The problem
Across the material below, say how many lines contain the string "Road", and add no other words.

Data provided
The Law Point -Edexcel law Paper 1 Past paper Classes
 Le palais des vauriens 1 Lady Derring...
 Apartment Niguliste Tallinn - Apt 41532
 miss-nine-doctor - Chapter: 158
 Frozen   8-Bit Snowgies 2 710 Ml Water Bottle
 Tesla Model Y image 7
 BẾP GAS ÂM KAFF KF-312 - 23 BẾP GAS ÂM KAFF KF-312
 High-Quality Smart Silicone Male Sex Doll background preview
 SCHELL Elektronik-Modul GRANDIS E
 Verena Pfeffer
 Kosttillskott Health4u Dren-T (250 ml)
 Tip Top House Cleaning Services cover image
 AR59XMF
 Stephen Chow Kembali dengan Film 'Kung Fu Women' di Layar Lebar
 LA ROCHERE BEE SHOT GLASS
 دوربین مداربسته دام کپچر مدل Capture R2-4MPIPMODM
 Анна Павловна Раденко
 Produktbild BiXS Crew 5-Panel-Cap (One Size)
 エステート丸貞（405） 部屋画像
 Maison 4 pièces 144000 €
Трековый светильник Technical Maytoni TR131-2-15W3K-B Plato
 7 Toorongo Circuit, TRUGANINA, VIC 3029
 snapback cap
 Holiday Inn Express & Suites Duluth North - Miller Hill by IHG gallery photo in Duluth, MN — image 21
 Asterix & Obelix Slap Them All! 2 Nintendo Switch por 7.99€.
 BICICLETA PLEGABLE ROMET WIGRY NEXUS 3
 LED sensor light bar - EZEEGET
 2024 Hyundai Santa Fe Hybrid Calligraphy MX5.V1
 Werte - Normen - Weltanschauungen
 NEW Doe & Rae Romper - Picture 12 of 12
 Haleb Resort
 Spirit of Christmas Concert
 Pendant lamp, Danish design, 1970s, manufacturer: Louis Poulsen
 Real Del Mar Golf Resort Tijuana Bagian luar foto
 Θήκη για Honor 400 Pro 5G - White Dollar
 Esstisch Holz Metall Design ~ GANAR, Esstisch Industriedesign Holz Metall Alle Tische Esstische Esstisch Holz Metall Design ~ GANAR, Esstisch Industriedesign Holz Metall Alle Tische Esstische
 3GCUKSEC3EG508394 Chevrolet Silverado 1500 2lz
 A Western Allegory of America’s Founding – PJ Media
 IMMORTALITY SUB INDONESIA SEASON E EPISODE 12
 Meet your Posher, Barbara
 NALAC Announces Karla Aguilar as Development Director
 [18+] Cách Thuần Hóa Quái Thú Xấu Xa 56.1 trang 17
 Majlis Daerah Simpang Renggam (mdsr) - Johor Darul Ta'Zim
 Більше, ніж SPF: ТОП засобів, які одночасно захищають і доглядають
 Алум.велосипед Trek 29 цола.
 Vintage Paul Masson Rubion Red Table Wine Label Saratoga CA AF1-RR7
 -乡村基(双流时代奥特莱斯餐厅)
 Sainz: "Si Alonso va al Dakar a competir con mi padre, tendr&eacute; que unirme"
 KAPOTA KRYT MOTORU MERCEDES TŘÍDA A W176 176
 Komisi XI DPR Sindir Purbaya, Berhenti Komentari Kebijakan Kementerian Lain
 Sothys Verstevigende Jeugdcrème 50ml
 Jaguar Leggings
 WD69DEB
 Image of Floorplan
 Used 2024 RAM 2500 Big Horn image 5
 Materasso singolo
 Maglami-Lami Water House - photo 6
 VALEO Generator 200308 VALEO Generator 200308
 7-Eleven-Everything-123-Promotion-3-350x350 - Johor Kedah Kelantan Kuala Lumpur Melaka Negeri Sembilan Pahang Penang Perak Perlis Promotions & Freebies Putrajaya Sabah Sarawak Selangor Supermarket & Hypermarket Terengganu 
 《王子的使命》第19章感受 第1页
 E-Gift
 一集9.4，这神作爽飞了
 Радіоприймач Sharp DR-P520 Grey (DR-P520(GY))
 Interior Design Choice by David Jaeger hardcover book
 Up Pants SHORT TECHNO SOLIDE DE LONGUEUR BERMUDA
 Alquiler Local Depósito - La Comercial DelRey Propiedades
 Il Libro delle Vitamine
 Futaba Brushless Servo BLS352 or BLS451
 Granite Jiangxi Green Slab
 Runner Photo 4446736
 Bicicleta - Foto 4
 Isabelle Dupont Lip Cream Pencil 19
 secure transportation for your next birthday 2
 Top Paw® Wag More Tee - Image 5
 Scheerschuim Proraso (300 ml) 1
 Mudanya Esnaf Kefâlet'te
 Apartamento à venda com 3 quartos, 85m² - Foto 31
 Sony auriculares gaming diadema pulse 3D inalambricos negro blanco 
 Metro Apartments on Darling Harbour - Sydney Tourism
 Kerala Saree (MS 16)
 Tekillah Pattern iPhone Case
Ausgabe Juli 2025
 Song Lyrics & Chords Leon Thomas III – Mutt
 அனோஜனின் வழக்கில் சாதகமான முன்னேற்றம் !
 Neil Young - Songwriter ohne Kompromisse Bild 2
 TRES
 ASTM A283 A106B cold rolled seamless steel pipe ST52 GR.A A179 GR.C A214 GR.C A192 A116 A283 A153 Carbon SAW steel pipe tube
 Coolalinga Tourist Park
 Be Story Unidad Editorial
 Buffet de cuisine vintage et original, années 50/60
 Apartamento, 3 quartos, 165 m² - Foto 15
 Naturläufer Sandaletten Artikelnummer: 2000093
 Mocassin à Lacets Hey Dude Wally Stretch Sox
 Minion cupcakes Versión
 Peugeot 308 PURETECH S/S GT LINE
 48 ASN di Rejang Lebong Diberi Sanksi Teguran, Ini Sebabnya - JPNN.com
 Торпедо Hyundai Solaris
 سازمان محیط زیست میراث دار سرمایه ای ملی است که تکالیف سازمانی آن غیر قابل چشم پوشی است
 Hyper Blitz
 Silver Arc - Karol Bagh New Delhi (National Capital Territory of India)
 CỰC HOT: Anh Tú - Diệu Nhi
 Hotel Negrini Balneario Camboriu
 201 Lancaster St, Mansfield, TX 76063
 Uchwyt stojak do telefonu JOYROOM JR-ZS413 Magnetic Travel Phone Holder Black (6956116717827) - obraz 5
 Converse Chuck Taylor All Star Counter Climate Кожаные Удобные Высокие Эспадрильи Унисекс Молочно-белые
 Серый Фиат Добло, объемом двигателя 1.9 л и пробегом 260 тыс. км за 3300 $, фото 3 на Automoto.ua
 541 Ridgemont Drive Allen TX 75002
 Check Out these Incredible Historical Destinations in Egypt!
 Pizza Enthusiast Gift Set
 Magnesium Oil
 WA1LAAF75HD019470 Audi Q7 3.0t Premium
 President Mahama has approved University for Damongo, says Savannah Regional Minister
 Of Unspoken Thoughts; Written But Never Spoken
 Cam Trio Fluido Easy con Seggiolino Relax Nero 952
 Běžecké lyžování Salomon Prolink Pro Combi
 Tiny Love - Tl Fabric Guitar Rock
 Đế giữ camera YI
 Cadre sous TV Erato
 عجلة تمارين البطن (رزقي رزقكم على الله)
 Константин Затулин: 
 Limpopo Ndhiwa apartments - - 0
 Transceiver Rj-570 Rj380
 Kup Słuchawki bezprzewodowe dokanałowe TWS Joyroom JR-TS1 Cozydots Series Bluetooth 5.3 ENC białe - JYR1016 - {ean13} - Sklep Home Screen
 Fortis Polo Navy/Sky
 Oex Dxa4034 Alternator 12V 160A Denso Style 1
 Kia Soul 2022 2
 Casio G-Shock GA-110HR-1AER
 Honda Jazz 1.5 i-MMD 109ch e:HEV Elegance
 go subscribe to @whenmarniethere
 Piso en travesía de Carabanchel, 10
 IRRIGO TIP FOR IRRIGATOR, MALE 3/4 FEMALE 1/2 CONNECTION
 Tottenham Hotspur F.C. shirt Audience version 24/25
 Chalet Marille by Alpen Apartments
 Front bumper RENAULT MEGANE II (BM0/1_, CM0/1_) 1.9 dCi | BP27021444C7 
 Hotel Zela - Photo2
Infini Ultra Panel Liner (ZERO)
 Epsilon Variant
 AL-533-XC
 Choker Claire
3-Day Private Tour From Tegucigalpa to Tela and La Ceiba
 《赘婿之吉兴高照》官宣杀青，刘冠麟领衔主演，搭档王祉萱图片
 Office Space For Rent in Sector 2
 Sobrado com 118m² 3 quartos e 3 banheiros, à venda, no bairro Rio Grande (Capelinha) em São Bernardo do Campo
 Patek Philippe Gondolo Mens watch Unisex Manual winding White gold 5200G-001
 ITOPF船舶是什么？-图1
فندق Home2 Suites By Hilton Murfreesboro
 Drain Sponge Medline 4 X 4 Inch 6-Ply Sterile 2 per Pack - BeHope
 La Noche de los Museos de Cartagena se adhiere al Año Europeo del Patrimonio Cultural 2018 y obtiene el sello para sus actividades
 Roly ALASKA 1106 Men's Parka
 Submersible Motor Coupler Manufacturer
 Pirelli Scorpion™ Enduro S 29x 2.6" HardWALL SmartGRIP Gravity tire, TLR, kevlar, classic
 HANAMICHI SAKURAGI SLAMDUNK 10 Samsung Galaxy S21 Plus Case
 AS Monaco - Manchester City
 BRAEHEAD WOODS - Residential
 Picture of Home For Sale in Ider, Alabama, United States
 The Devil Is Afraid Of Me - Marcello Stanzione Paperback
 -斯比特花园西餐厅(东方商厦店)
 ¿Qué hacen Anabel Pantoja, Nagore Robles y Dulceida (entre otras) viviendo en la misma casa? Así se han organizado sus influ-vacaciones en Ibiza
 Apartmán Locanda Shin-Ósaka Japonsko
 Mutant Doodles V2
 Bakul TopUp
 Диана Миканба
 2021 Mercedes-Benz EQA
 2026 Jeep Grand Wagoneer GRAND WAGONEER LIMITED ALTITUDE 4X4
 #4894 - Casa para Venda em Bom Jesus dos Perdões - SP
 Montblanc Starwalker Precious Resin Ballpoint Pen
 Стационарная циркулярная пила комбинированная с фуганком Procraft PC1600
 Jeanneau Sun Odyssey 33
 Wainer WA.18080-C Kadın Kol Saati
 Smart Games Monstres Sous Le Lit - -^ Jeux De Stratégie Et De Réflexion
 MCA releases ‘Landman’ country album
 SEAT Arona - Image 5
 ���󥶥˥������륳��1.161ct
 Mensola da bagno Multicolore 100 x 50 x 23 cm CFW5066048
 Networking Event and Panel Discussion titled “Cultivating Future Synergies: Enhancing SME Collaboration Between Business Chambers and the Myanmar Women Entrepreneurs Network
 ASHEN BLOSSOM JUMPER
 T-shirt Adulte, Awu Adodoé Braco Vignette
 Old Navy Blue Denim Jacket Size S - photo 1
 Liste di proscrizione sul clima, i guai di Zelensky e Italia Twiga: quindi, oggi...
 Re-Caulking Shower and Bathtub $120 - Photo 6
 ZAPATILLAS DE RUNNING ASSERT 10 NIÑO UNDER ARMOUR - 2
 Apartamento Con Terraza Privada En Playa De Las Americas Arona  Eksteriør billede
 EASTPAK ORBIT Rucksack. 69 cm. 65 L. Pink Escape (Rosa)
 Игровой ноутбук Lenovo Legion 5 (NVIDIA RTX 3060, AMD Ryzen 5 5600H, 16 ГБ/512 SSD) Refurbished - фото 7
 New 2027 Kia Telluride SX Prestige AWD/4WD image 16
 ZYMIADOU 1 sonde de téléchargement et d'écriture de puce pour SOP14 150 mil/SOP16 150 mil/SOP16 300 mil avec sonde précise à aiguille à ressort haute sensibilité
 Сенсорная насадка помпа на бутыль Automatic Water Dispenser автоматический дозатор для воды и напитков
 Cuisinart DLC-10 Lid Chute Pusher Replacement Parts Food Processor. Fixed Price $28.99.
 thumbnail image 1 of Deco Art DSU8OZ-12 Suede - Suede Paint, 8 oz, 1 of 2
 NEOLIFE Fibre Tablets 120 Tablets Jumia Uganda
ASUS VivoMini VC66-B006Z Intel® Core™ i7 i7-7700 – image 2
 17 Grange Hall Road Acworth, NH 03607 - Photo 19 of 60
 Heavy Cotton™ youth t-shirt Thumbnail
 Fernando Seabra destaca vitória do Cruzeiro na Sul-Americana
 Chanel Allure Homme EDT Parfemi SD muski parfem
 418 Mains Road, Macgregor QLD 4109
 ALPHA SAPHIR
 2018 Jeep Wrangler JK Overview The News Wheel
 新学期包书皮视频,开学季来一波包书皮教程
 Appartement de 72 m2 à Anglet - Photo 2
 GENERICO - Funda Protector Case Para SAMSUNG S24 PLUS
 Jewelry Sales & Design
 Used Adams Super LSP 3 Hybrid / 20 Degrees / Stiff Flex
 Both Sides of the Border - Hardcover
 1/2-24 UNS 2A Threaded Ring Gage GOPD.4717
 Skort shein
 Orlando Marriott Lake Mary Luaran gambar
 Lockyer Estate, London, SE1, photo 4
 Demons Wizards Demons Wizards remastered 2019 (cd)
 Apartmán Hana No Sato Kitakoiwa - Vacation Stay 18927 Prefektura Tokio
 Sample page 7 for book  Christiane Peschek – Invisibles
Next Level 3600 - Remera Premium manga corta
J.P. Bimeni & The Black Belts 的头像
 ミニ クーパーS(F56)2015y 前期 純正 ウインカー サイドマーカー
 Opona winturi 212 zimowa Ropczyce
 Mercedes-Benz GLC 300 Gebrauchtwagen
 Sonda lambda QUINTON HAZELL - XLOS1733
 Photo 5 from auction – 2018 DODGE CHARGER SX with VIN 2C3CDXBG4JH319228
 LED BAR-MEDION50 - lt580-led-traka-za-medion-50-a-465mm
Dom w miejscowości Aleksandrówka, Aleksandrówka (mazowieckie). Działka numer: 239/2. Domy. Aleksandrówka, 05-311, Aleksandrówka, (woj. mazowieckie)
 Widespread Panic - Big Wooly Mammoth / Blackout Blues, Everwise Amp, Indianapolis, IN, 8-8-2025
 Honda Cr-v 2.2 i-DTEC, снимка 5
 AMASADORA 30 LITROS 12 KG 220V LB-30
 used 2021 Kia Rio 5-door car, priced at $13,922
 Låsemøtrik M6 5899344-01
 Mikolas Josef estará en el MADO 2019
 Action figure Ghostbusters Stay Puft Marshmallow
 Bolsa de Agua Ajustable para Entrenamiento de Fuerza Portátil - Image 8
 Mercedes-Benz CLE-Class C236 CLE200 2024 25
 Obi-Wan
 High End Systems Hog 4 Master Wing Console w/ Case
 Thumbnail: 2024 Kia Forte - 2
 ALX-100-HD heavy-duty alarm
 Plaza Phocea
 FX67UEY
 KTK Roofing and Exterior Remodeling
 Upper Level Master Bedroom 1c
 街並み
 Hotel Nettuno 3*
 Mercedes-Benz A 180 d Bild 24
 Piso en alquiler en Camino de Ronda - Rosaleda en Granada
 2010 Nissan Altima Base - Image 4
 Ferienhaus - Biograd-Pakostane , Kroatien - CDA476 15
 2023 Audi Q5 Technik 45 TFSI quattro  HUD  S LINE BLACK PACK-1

Answer section
2